Consider bounding the problem

The assignment already notes that the maximum number of pipes is simply the length of the Vector (which I'll call \$n\$), but what about the minimum? It's not difficult to see that the minimum would be $$m = \left\lceil\frac{\sum_{i=0}^{n}p_i}{l}\right\rceil$$where \$p_i\$ is the length of each pipe and \$l\$ is the standard pipe length. This suggests that once you get to this number \$m\$, the algorithm can stop because no further reduction is possible. It's an optional test, but it could be useful for very large sets.

Consider improving the algorithm

If we test this code with the sequence {9, 9, 7, 1, 1, 3} with a standard length of 10, the program correctly reports that the number of pipes is 3. However, if we rearrange the array and give it {1, 1, 7, 3, 9, 9} it reports 4. Can you see why? If so, try to alter your algorithm to calculate the correct answer no matter what the sequence.

Consider not making a copy of the vector

The cutStock routine currently makes and operates on a copy of the vector, but is that really needed? If the intent is to leave the original vector untouched, it should be declared const; otherwise simply use it without making a copy.

In all, this is a good effort. Welcome to CodeReview!

Answer 2

    while (true) {
int votes = getInteger("Enter required length (-1 to quit): ");
if (votes == -1) break;
requests.add(votes);
    }

Indentation - properly indent your code. You fixed some of it with an edit already, I assume it's correct in your IDE, then? See if your IDE has automatic formatting. Alternatively, some (online) syntax formatters do exist, but they do come with the overhead of copy-pasting code back and forth or otherwise needing to have the program open. Might not be ideal.

int sum = sumOf(subsetPipes), targetIndex = 0; 

For readability, I suggest splitting this up in two lines instead.

int votes = getInteger("Enter required length (-1 to quit): ");

"to quit" might not be the correct term here. How about "to finish input"? I'll admit that's not a really good one either, but "to quit" might be interpreted as "to quit the program". "to stop input" might be a good one. A bit of user interface there.

int stockLength = getInteger("Enter the stock length: ");

If some joker (that'd be me) fills in 0, the program is going to crash, I think. You might want to handle the case where the pipe length is impossible. That is, alter your program to deal with the case where the stock pipe length is smaller than the largest piece requested. (The assignment states that you don't have to check for this.)

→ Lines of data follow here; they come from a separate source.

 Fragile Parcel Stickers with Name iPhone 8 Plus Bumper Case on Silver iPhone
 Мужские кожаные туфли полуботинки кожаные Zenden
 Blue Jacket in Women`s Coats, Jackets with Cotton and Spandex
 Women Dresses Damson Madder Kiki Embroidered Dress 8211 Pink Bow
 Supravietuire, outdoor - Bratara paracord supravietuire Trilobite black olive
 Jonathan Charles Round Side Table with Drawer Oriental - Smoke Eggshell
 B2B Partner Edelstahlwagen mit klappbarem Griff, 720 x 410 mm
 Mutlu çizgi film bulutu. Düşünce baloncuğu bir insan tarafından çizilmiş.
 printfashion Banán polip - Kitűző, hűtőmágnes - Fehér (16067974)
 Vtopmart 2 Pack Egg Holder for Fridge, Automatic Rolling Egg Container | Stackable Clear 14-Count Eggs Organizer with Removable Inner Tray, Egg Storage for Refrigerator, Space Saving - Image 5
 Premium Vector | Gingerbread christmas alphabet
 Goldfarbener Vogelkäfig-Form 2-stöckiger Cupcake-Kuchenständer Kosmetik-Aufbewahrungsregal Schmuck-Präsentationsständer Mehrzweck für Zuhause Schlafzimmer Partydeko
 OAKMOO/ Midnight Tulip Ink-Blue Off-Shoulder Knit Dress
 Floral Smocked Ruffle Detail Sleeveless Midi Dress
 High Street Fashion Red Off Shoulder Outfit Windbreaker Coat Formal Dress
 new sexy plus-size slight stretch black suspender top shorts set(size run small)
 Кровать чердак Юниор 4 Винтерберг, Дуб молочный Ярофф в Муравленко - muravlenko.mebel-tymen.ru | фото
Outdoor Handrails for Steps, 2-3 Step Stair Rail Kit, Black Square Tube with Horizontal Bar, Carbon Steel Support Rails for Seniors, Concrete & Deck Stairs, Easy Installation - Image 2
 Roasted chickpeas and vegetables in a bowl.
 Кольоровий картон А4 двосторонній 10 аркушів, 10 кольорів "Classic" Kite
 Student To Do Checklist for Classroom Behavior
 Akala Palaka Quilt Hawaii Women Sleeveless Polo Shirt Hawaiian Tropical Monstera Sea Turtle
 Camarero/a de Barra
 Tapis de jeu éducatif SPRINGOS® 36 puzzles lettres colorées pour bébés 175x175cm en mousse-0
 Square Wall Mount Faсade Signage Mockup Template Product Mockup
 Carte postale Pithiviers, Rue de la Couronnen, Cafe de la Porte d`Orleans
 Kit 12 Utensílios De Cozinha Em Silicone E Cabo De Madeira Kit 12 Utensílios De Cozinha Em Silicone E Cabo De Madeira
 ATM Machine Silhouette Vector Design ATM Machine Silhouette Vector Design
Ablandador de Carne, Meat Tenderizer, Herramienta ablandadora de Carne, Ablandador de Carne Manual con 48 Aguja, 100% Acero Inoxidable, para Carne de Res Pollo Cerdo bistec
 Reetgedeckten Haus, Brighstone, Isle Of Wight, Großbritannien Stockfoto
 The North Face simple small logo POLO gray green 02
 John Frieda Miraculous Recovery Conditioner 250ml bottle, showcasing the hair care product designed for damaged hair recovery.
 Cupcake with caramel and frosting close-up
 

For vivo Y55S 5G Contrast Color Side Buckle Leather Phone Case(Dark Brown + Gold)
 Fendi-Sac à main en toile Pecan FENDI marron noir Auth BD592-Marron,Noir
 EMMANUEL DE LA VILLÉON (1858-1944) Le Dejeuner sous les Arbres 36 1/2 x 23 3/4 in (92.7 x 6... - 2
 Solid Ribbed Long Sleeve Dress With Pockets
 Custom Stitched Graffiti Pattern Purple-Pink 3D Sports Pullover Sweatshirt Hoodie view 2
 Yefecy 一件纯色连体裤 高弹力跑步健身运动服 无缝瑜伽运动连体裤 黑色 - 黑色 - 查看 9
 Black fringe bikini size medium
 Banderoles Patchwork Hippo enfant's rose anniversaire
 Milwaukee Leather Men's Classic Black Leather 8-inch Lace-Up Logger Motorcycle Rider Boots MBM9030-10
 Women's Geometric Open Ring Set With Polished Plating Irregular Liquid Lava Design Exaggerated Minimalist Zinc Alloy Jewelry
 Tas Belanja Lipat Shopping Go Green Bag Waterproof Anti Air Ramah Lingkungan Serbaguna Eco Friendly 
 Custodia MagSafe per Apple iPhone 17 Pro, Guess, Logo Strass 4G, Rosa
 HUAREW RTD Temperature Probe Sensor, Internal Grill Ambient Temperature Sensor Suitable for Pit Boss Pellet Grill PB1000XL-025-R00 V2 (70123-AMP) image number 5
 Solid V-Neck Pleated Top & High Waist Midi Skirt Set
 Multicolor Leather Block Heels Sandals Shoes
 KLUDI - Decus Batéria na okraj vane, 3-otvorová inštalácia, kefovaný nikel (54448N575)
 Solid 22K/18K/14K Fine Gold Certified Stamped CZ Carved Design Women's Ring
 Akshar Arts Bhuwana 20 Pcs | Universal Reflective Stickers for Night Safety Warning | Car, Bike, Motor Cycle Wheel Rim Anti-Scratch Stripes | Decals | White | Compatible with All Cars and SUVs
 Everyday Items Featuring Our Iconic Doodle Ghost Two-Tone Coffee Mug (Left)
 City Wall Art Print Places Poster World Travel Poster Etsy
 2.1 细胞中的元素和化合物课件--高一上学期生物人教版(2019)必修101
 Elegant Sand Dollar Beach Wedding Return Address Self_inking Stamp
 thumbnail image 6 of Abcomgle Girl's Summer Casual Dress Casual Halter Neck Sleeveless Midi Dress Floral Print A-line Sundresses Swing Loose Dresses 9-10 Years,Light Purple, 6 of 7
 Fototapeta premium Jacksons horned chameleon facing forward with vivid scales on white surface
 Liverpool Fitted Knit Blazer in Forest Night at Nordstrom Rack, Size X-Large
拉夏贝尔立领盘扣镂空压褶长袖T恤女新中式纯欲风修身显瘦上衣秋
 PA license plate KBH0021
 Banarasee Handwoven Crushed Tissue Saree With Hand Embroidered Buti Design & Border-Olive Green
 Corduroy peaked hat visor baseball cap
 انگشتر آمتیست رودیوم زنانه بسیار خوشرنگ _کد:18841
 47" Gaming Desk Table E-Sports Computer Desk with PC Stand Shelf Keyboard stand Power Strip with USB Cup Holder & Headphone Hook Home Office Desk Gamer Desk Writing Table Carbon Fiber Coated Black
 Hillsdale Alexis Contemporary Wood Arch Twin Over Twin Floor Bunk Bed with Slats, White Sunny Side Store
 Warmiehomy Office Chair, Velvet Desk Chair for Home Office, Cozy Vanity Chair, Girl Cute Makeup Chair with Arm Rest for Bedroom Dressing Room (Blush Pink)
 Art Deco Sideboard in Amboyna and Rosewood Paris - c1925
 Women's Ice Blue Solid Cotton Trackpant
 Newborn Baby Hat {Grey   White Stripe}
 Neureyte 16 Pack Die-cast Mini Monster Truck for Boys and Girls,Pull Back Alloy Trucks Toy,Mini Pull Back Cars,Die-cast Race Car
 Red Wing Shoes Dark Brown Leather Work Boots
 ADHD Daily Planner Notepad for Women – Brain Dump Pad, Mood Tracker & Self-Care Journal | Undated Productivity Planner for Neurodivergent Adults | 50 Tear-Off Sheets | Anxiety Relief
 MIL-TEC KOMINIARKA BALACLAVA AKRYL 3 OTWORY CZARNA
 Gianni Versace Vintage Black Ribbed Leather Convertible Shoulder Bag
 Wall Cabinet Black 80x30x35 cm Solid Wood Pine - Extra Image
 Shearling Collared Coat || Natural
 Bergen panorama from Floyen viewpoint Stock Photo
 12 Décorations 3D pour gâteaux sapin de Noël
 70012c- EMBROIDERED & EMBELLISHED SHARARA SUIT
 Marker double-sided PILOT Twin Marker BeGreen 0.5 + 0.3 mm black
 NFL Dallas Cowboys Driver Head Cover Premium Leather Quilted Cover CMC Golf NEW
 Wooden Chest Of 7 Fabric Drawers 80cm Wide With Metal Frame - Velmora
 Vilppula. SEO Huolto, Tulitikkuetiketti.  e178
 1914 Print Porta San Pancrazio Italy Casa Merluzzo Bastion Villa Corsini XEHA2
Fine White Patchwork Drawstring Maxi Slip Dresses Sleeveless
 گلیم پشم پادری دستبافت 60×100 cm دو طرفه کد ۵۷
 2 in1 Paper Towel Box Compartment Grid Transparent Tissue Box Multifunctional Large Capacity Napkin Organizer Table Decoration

You name your "cutting" function (it cuts a pipe to specified lengths, then returns) removeRequestedPipes. That's confusing, because that's not what it does. What it does is cutPipe.

I'd even rename the arguments:

removeRequestedPipes(Vector<int> & reqCopy, int stockLength, Vector<int> & subsetPipes, int index)

becomes

cutPipe(Vector<int> & requestedPipeLengths, int stockPipeLength, Vector<int> & cutPipes, int attemptPipeIndex)

I don't like the cutPipes and attemptPipeIndex names, but that's because you're actually measuring (otherwise you can't swap pipes, you can't "uncut" a pipe). But measurePipe isn't a nice name either. I don't know what a good name might be, someone else might have a nice idea.

Regarding the overall design of your program: You're passing the same parameters around a lot. Wrapping these in some struct or class might be beneficial for the readability of your program.

---

Leaving the restrictions of the assignment aside...

You have to use recursion for the assignment, but the truth is that for this assignment, recursion is just not needed. Iteratively, one version of the algorithm boils down to this:

Get stock pipe length
Get sections asked
Sort asked sections
While we still need to cut sections
    take a stock pipe
    while pipe not gone
        cut it by the largest section possible left in asked sections list
        remove that section from asked sections list
        if no section could be cut
            throw away pipe
        //end if
   //end while
//end while
print pipes needed

Note that as pointed out by Jerry Coffin in the comments, this algorithm is flawed. However, the problem you describe is NP-Complete, which means that without brute-force checking every combination, there's no way to easily solve this problem. As you can see, it doesn't feature recursion, and introducing recursion just complicates the exercise. Recursion is better used when you need to go deeper multiple times per level. That is, if you had to build a robot, and to build a robot you need to build each limb, and to do that you need to build coverings and servos, and so on and so on, you could use recursion for that.

Answer 3

I've found one thing that was left out:

If Vector supports iterators, then the entire body of sumOf():

int sumOf(Vector<int> & subsetPipes) {
    int sum = 0;
    for (int i = 0; i < subsetPipes.size(); i++)
        sum += subsetPipes[i];
    return sum;
}

can be replaced by one call to std::accumulate.

In addition (and entirely unrelated to iterators): since subnetPipes isn't being modified, it should be passed by const&. This will keep it immutable and also prevent an extra copy.

int sumOf(Vector<int> const& subsetPipes) {
    return std::accumulate(subsetPipes.begin(), subsetPipes.end(), 0);
}

(this can still return int since std::accumulates returns a templated type T)